Tangibles, intangibles, and universal concepts are research tools. When reading or talking about a subject, stop each time you make a personal intellectual or emotional connection. Identify the tangible the author refers to, the intangible meanings it connects to, and the universal concepts that make it relevant to you. You will likely find more ideas for interpretive programs.



EXAMPLE 1

Of Fear and Choice
Andrea Dunstan, U.S. Fish and Wildlife Service

After waking up yet again to the sound of crunching overhead I asked my husband, "Which do you prefer? Mice gnawing on the wood and wires, or encountering a loose snake in the house?" He gave a start. He knew where I was heading (I raise rat snakes). "You know my answer," he said. Yes, I did. A mouse, however annoying or destructive was and will always be preferable over any encounter with a snake. My husband is in the majority. For most people snakes are about fear.

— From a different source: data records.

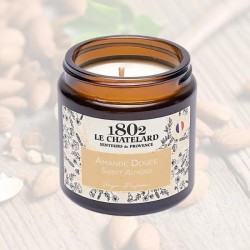 Bougie parfumée Amande Douce – Le Chatelard 1802 - cocoon sensoriel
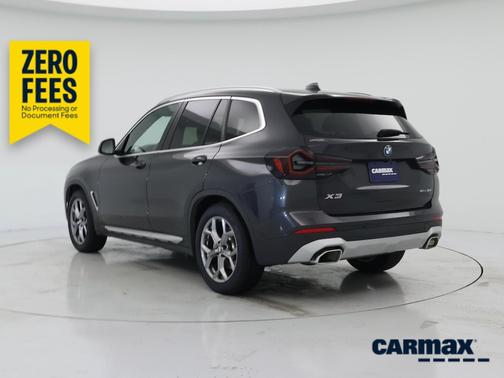 Black 2023 BMW X3 sDrive30i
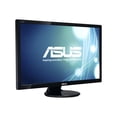 thumbnail image 2 of ASUS VE278Q - LED monitor - 27" - 1920 x 1080 Full HD (1080p) - 300 cd/m�� - 2 ms - HDMI, DVI-D, VGA, DisplayPort - speakers - black, 2 of 7
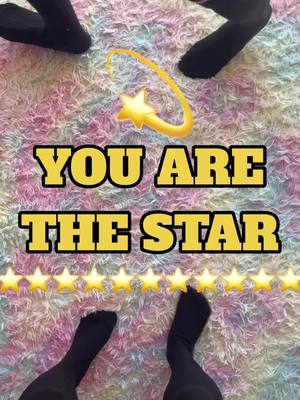 A post by @kittyfish.shop on TikTok caption: So there you go. Your dreams of reaching for the stars will be fulfilled sinply by reaching for these socks. Have a day 👍 - assistant - 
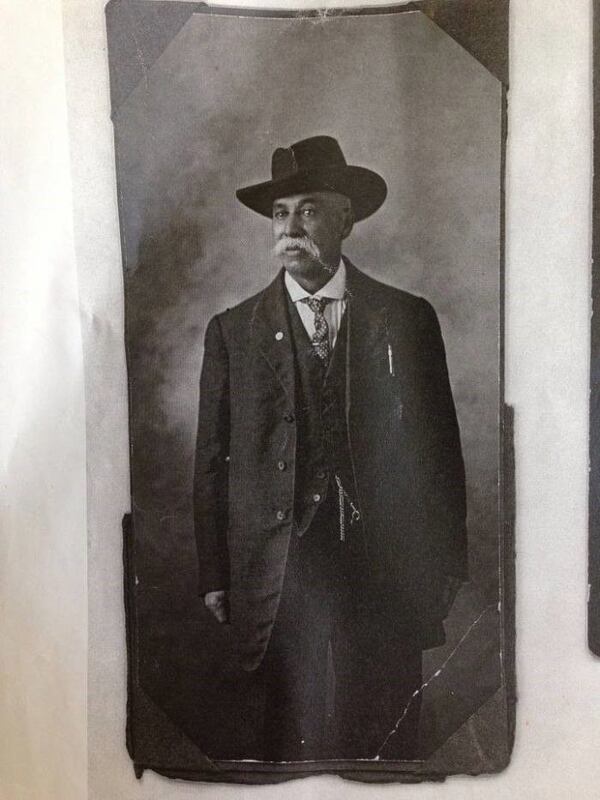 William Parker Walker was one of the early Black homesteaders to arrive in Nebraska. The largest black colony in Nebraska's sand hills was DeWitty, which began to grow in 1904. Image provided by Artes Johnson.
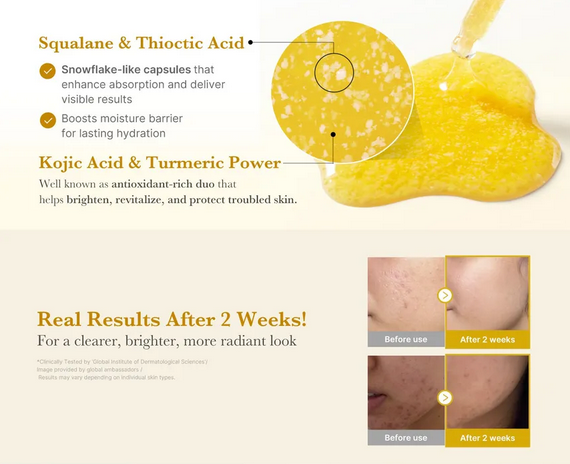 Medicube Kojic Acid Turmeric Niacinamide Serum 30ml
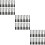 150 Pcs Clothes Replacement Zipper Pulling Ropes Diy For Bag 4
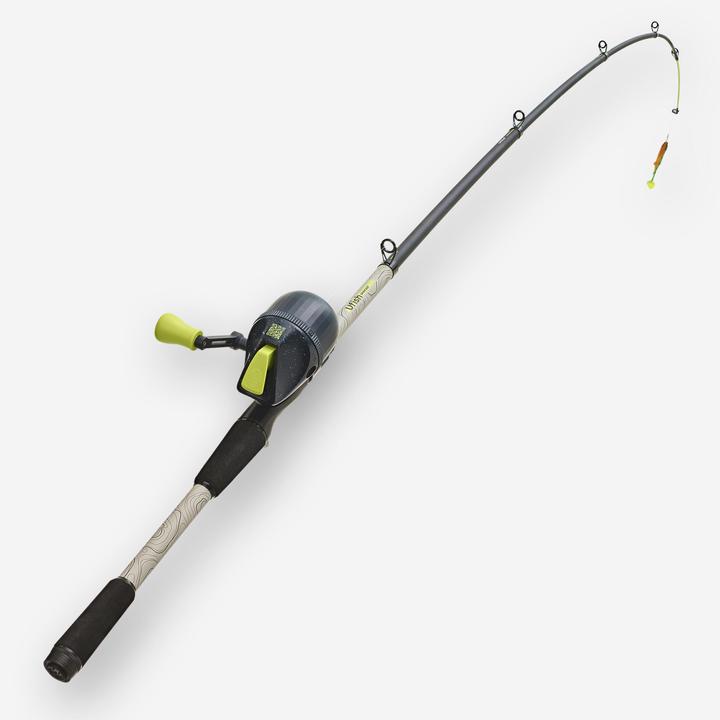 Produktbild Caperlan Angelset Ufish Spincast für Einsteiger (Castingrute, Angelset, 180 cm)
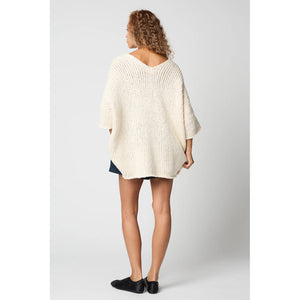 laguna sweater in cream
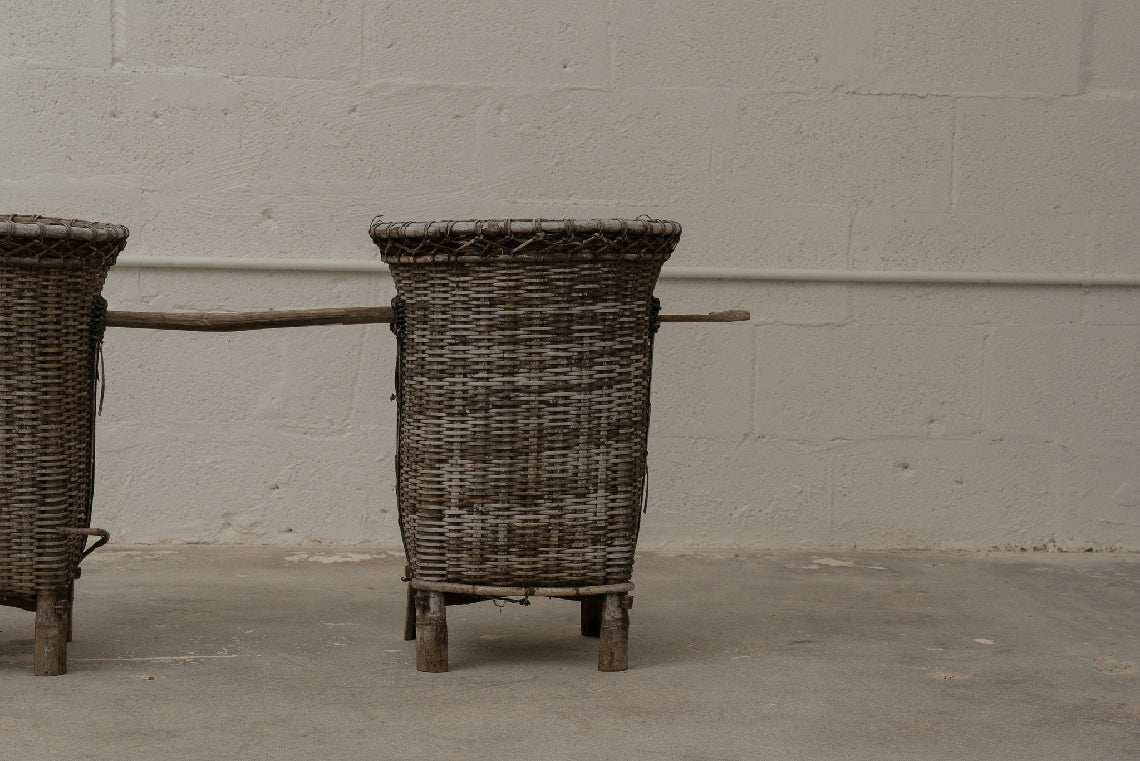 TEA CARRYING BASKETS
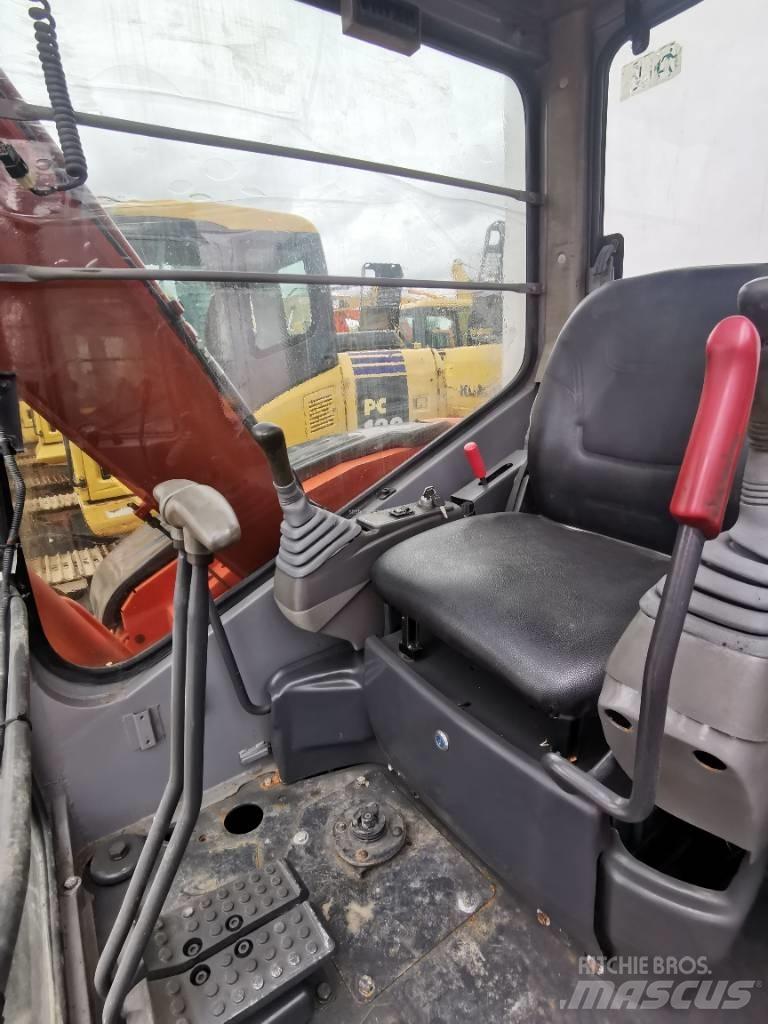 Hitachi ZX55U-5A Mini ekskavatörler, 7 tona dek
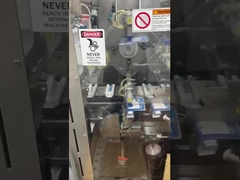 Máquina de embalagem contínua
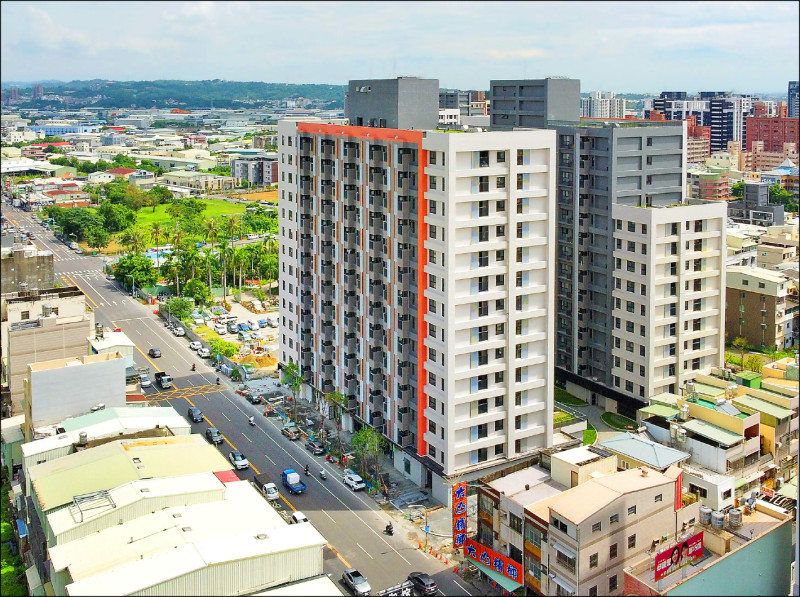 三民、鳳山4社宅招租 明年3月抽籤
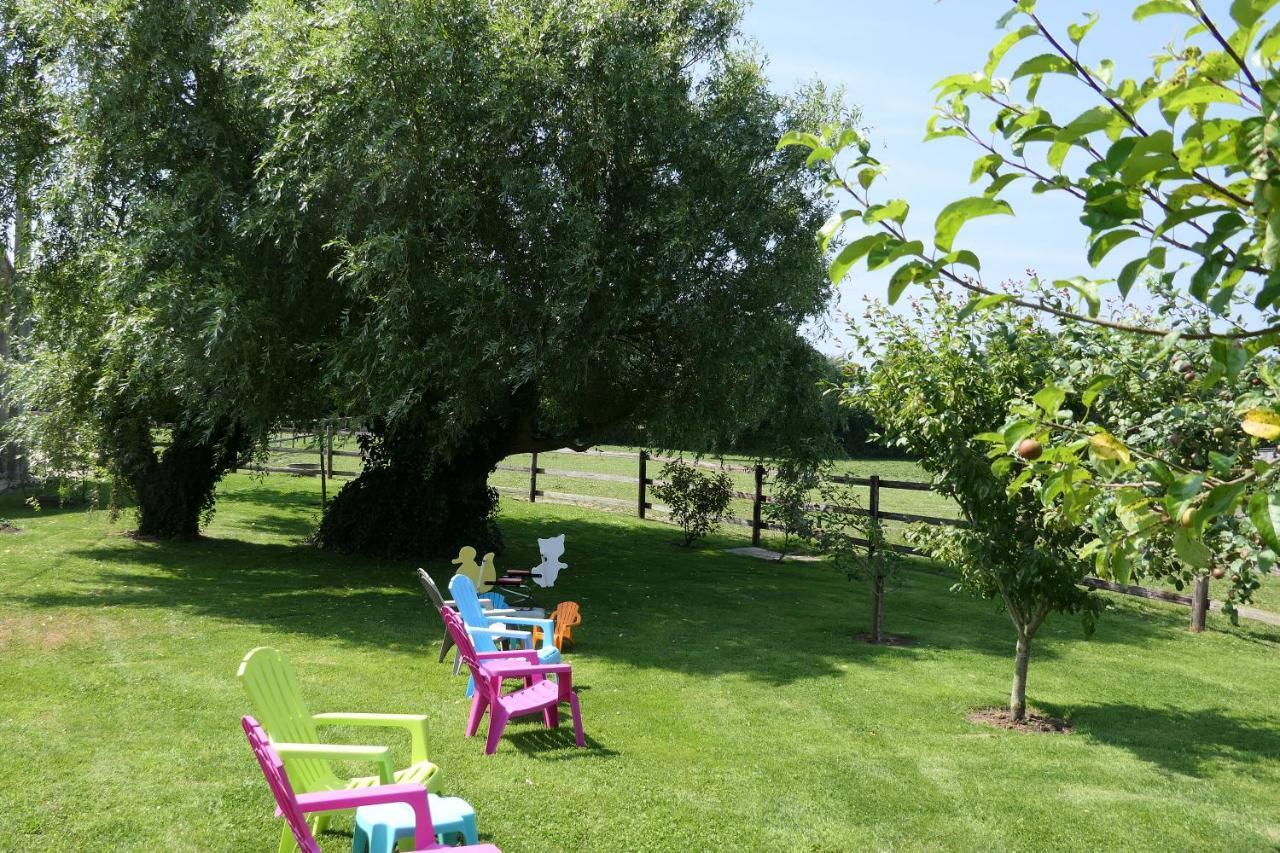 Les Perelles Bed & Breakfast Saint-Vigor-le-Grand Exterior foto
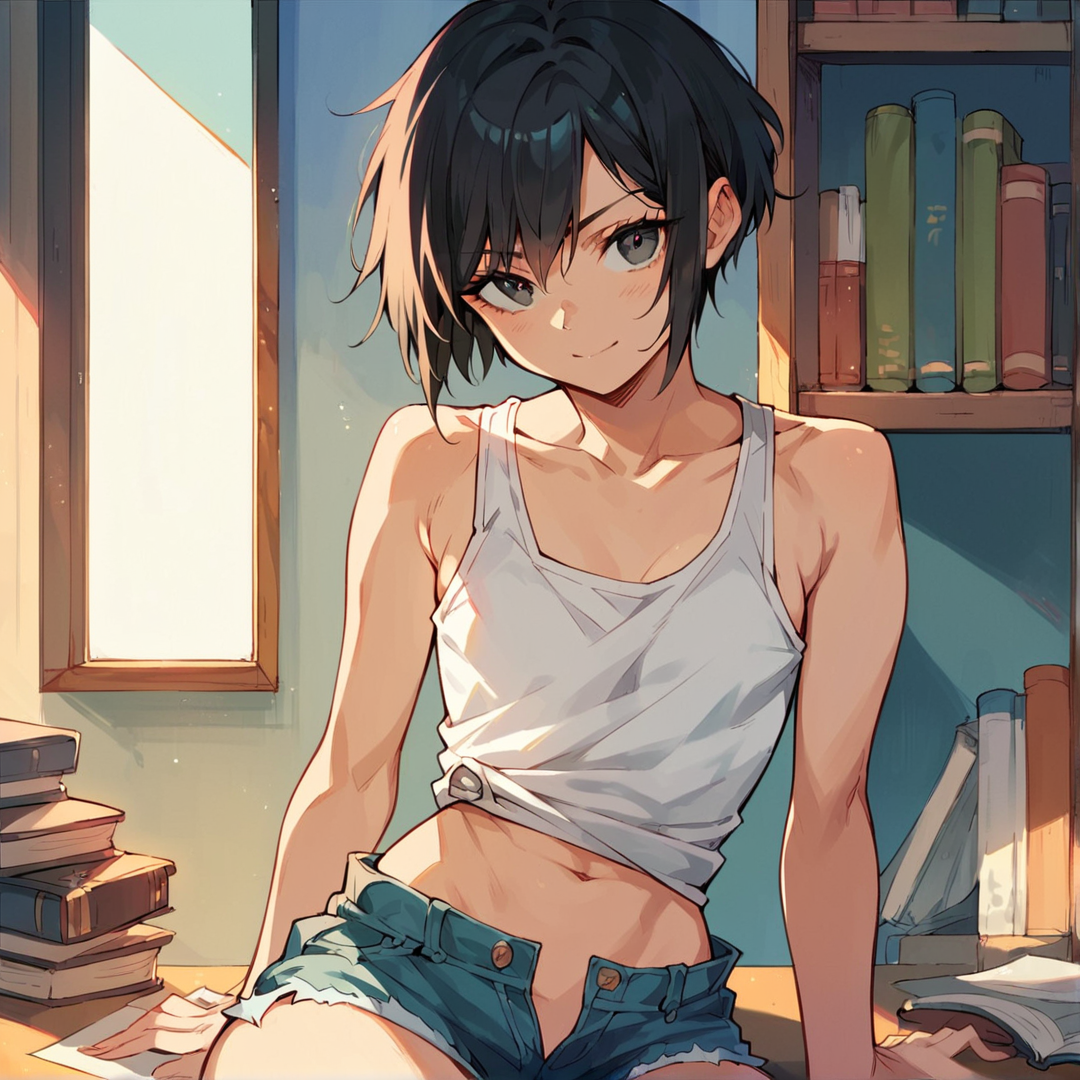 Felix Your Femboy Tutor - AI Character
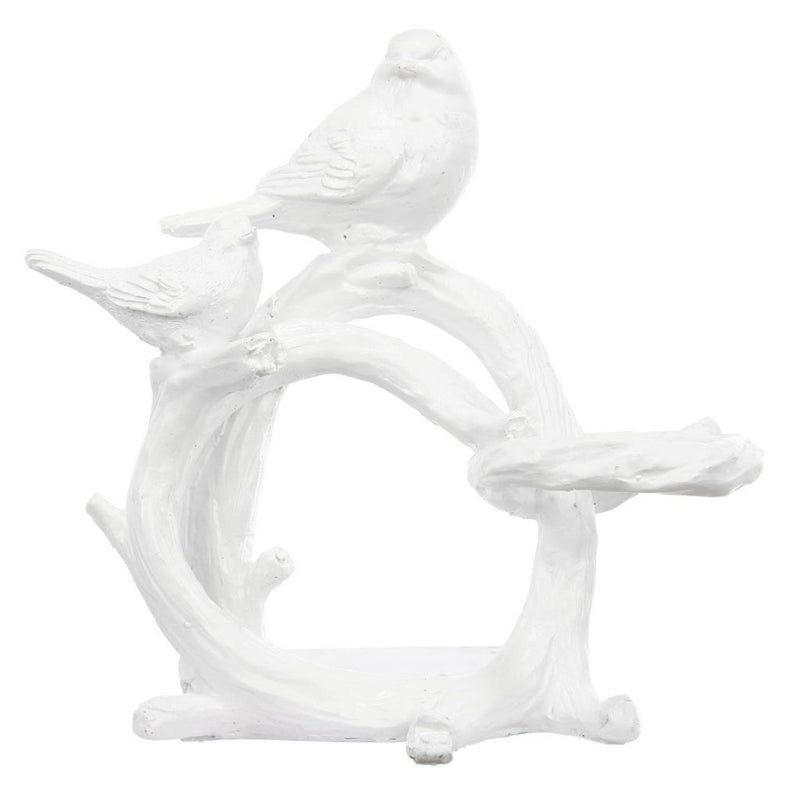 White Bird Sculpture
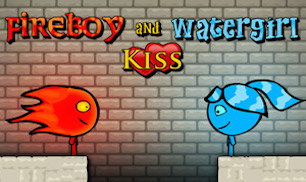 Гра Вогонь і Вода 9: повітряний поцілунок - грати онлайн безкоштовно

That reaction is not inherent. Studies show that, when approached with a snake, very young children are not afraid, just curious. So where does fear come from? Scientists maintain it is a learned response. As people grow, they are taught many things. First impressions come from home and family.

snake

How many times have I heard the phrase "the only good snake is a dead snake"? Lives are bombarded with negative snake images. The serpent in the Garden of Eden is not only sneaky and tempting, but is also blamed for the fall of mankind. In Greek mythology Medusa, with snakes for hair, can turn a person to stone with just a look. And Hollywood is a master at making these quiet and secretive critters vindictive man-hunters.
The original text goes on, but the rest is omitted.